§ **What to produce**: Below are some records. Quote exactly the lines from the one that contains "5 Ravine Edge Drive Property Photo 26" through the last, both included, and leave out the pictures.

§ **Working data**:
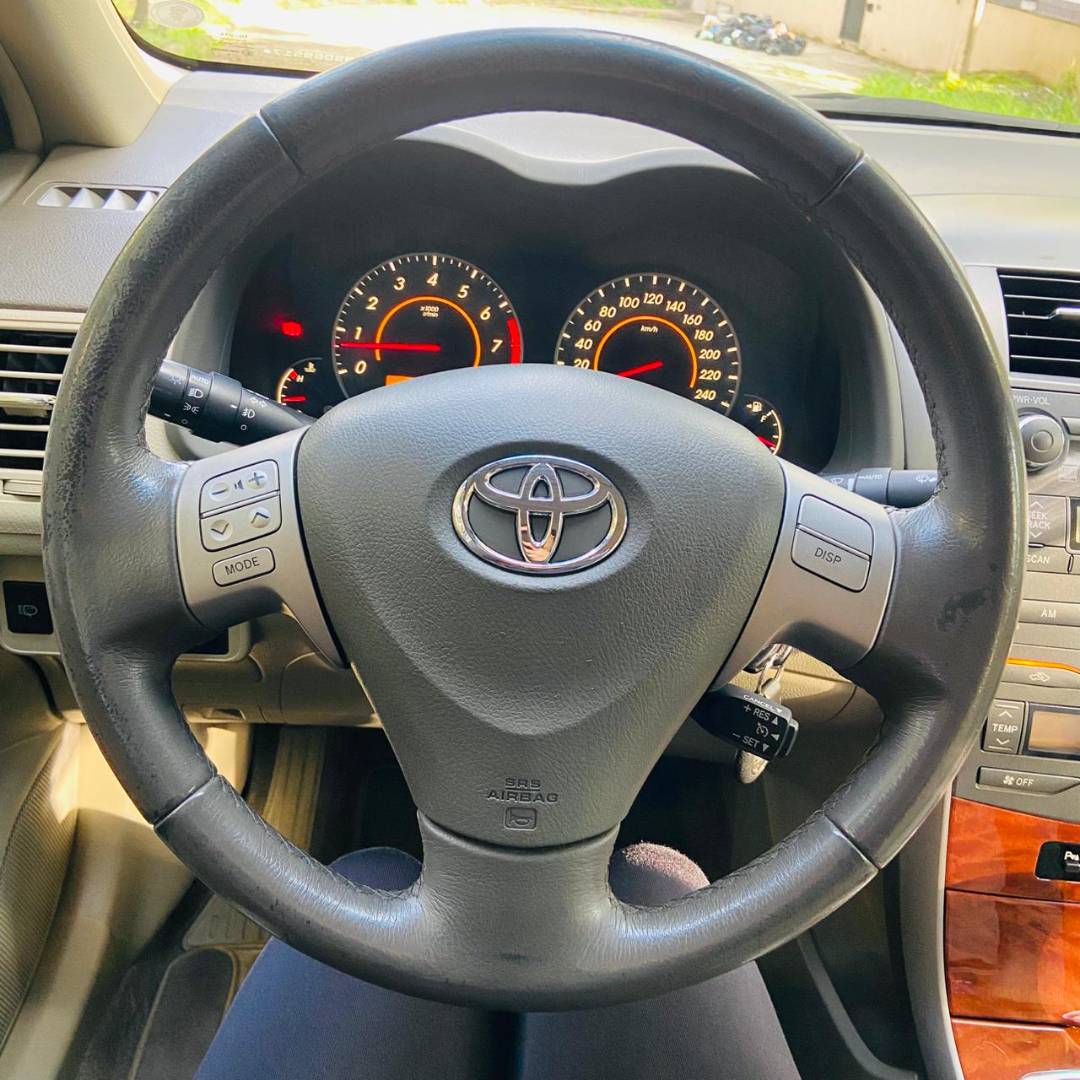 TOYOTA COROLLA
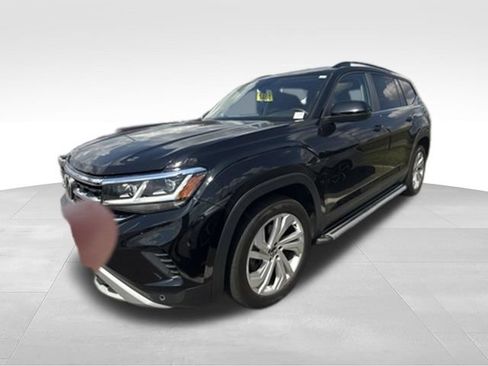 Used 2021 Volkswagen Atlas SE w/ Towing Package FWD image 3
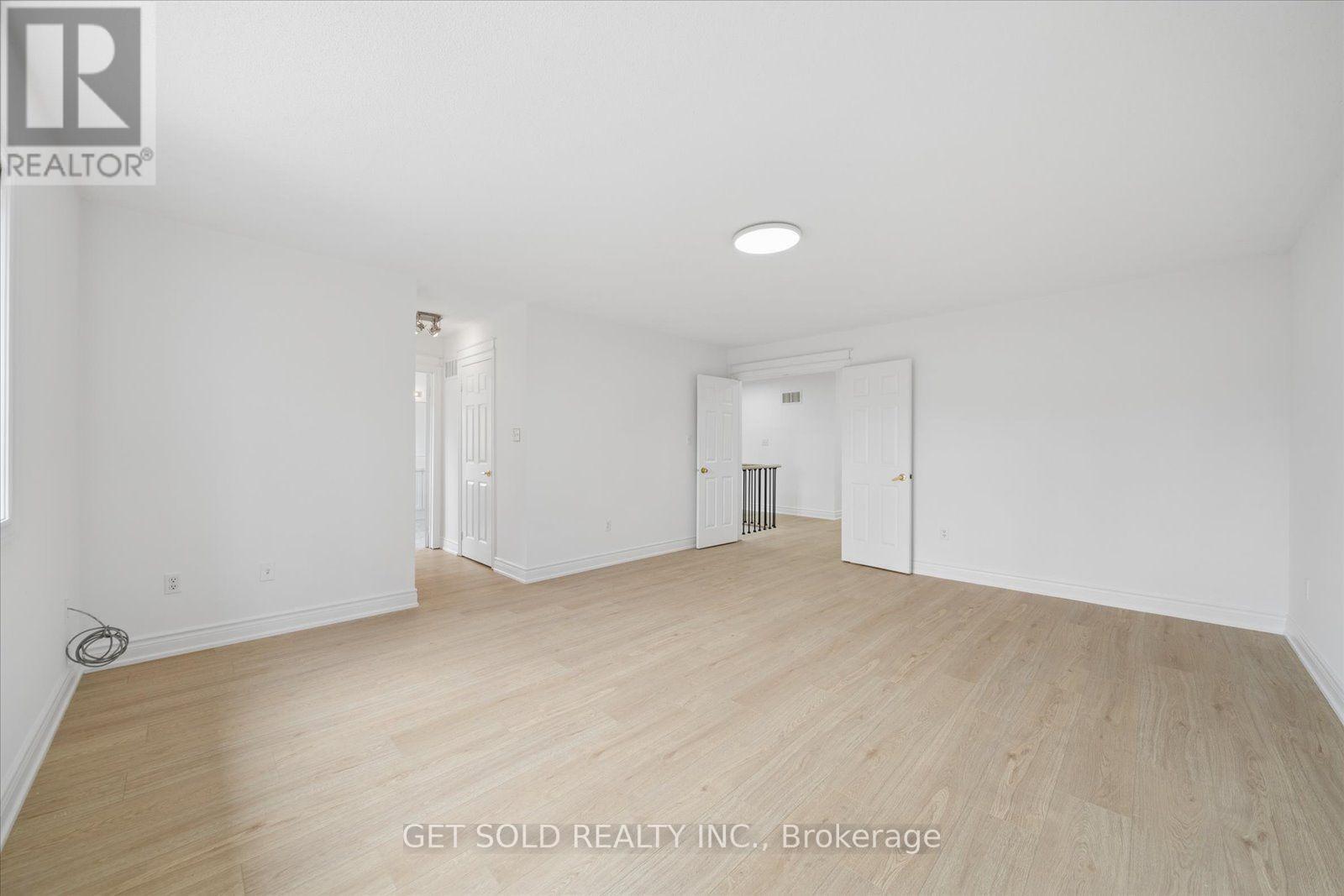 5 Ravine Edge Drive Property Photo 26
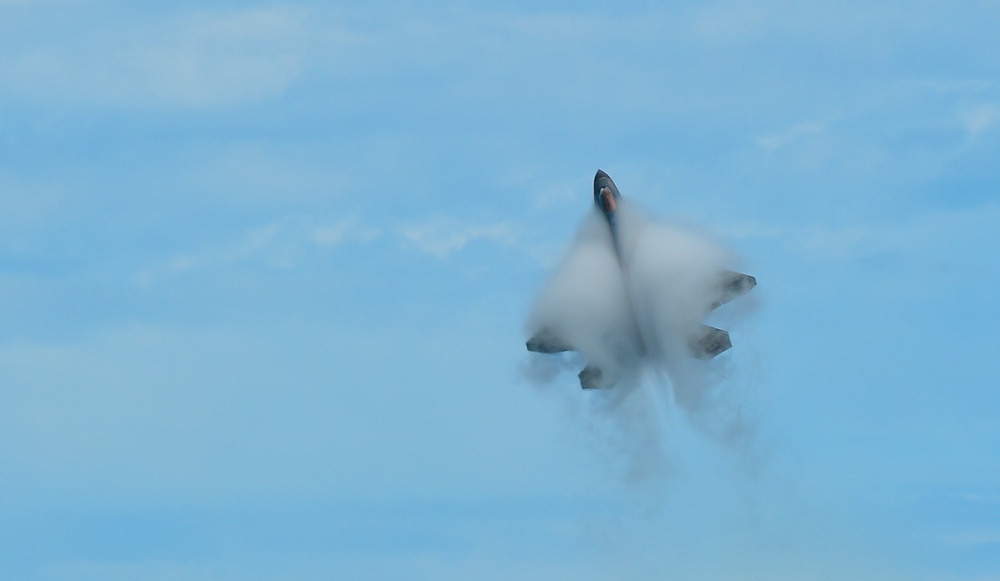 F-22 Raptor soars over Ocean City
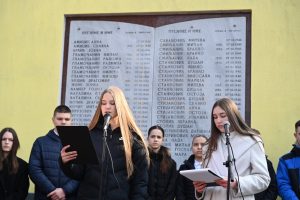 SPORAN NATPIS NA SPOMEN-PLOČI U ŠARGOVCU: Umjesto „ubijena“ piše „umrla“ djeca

§ **Response**:
 5 Ravine Edge Drive Property Photo 26
 F-22 Raptor soars over Ocean City
 SPORAN NATPIS NA SPOMEN-PLOČI U ŠARGOVCU: Umjesto „ubijena“ piše „umrla“ djeca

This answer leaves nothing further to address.